L’IA non deve essere vista con paura o pessimismo, perché è presente in Serbia da diversi anni. Solo che non l’abbiamo riconosciuta come tale perché non c’era “hype” intorno ad essa.

“L’aspetto positivo dell’intelligenza artificiale è che si tratta di una tecnologia più facile da applicare e più facilmente assorbibile dall’economia nazionale. Abbiamo visto che, ad esempio, la Banca Raiffeisen ha un’assistenza clienti basata sull’intelligenza artificiale già da tre o quattro anni. Le grandi aziende serbe, come Nelt, sono pronte, ne sono consapevoli e sanno che dovranno applicarla se vogliono stare al passo con la concorrenza”, aggiunge Radivojević.

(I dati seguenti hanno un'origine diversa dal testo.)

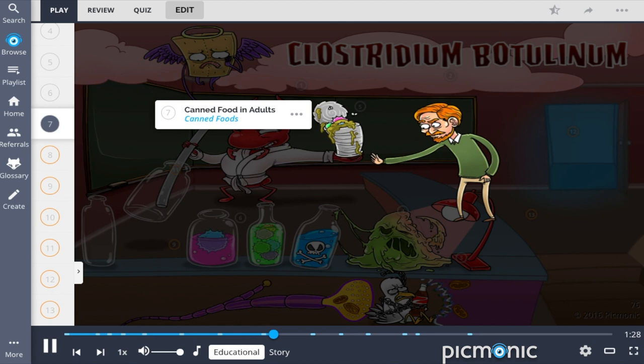Adult botulism is often associated with ingestion of food in which Clostridium botulinum spores have been allowed to germinate in anaerobic conditions. Thus, adults are often affected after eating canned foods, represented literally as the canned food.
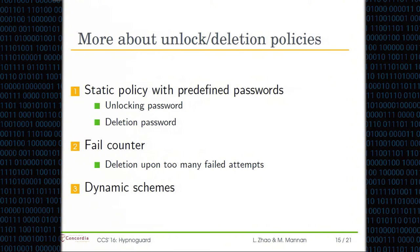Regarding unlocking policies — how HypnoGuard reacts to different passwords entered by the user — to address coercive situations, the user can choose to use the deletion password; in normal operation, the unlocking password. In the current implementation, we use a static policy where these passwords are predefined. To address guessing attacks, we apply a fail counter similar to online rate-limiting mechanisms: when you exceed a predefined threshold, deletion is triggered the same way as if a deletion password had been entered. In the future, we may also consider dynamic schemes, such as regular expression-based or pattern-based policies.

“L’aspetto negativo della nostra economia è che non siamo essenzialmente un’economia innovativa. È vero che il settore informatico serbo è in costante crescita, ma si tratta soprattutto di lavori di servizio per stranieri, cioè poco viene fatto per l’uso locale. Dobbiamo lavorare rapidamente, innanzitutto per informare ed educare le imprese su cosa sia l’IA e su come possano utilizzarla ora. Le autorità statali e la Camera di Commercio dovrebbero svolgere un ruolo in questo senso, organizzando presentazioni e conferenze presso l’Istituto per l’Intelligenza Artificiale, prima per i professori e i manager e poi per tutte le parti interessate. Possono organizzare campagne mediatiche che non costano molto e non richiedono risorse particolari”, conclude Radivojević.